Tide and Seventh Generation have introduced redesigned laundry detergents that are kilograms lighter by cutting down on plastic packaging and using less water in their formulas. They’re making the changes to please Amazon and other online stores: Lighter packaging means retailers pay less to ship the detergent to shopper’s doorsteps, making each sale more profitable.

For consumers, the new packaging has been designed to better survive shipping without leaking.

The challenge is getting online shoppers to buy detergent that looks nothing like the heavy bottles they are used to.

Tide is putting its detergent into a cardboard box, making it 1.8 kg pounds lighter but still able to wash the same 96 loads. Seventh Generation went with a compact plastic bottle that’s less than 22 cm tall, rectangula­r in shape and has no measuring cup.

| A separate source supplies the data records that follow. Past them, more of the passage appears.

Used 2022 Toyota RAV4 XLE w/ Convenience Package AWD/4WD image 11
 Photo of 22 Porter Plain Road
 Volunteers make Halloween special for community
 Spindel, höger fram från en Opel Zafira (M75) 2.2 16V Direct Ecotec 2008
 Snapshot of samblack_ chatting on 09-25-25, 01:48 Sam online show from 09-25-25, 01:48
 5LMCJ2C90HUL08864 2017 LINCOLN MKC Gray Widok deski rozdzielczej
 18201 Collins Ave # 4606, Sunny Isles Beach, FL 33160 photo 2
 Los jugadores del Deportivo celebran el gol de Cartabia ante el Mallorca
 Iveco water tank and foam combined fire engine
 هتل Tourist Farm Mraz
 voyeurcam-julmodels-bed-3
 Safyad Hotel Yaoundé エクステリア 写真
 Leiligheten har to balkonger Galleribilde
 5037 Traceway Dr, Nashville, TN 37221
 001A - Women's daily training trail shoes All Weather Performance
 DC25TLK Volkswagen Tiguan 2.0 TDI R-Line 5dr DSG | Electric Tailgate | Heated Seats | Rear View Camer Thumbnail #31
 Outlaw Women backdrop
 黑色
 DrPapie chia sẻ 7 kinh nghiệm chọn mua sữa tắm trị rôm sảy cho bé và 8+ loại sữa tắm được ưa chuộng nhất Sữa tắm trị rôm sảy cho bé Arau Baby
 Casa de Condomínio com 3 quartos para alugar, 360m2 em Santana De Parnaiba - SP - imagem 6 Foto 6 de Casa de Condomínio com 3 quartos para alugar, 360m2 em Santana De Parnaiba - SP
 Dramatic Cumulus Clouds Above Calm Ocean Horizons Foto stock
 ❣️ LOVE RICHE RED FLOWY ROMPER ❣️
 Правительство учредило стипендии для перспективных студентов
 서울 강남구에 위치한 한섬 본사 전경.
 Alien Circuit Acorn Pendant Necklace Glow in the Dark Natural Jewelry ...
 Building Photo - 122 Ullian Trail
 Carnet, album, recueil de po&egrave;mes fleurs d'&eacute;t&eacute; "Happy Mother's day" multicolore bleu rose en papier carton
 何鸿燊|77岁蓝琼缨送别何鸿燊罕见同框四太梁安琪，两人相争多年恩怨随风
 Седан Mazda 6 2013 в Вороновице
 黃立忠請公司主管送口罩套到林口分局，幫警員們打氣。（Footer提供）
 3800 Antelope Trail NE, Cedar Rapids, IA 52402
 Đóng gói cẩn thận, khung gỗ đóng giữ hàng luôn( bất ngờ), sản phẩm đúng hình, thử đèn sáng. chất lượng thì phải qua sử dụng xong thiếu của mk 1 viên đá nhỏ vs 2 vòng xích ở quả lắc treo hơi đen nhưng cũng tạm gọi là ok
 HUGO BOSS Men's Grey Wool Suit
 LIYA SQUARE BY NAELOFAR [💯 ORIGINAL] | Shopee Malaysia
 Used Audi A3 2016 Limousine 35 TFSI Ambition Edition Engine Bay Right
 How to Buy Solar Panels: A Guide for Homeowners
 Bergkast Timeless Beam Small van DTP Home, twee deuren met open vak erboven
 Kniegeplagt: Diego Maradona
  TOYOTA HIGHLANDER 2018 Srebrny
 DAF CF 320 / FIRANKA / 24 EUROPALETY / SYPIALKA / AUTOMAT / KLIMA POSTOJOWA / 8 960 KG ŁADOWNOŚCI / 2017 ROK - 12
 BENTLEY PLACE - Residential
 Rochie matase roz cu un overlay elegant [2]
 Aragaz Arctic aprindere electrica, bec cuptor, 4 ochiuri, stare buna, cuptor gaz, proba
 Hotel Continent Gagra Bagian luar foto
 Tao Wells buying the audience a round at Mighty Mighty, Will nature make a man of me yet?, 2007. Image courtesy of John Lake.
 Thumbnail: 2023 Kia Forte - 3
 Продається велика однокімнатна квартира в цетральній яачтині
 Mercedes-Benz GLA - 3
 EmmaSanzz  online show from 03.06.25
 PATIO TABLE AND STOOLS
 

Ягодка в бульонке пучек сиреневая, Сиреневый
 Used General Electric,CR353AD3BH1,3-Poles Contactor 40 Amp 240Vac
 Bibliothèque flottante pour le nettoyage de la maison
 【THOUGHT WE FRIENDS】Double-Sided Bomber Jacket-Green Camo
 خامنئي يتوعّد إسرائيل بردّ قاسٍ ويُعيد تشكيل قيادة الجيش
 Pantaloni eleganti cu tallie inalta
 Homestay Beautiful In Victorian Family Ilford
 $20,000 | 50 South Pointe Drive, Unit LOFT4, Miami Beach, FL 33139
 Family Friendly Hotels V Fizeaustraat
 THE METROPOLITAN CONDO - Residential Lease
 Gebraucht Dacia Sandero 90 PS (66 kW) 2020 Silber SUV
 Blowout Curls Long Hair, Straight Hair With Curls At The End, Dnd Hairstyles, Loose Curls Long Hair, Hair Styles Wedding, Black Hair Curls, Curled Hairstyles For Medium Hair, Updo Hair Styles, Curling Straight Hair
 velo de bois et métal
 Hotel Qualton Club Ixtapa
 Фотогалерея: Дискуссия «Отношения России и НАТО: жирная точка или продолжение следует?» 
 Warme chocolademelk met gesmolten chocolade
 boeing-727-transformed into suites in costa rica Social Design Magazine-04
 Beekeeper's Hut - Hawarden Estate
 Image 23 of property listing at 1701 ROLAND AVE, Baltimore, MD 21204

When Tide unveiled photos of its new packaging this fall, social media users joked that it looked like boxed wine. And when Seventh Generation tested an unlabelled version of its new bottle, some mistook it for shampoo.

The downsized detergents are a sign of Amazon’s growing influence. Companies that have designed products for decades to stand out on store shelves are now being pressured by online retailers to make their packaging lighter to cut down on shipping costs, said Gary Liu, vice-president of marketing at Boomerang Commerce, which makes software for consumer goods companies.

Amazon, for example, may drop products from their website that cost too much to ship and aren’t making it enough money. Retailers decide how much to charge shoppers, but both Tide and Seventh Generation say they expect the lighter detergents to cost the same as traditiona­l ones.

Tide says its Eco-box has 60 per cent less plastic and uses 30 per cent less water in its soap than its 150-ounce bottles. The boxed detergent doesn’t need to be packed in another box: online retailers can just slap an address on it, another way to save costs.

Seventh Generation, which is owned by Unilever, spent about three years developing its smaller bottle. It is 2.2 kg lighter than its standard 100-ounce bottle. It still washes the same 66 loads as the heavier one, the company said. The measuring cup was replaced with a cap that automatica­lly squirts out the right amount needed for a single load of laundry.

To educate shoppers, Seventh Generation posted videos and graphics on Amazon that show how to use the new bottle and how it can wash the same amount of loads as larger bottles.

“Changing people’s behaviour is always a challengin­g thing to do,” Seventh Generation CEO Joey Bergstein said.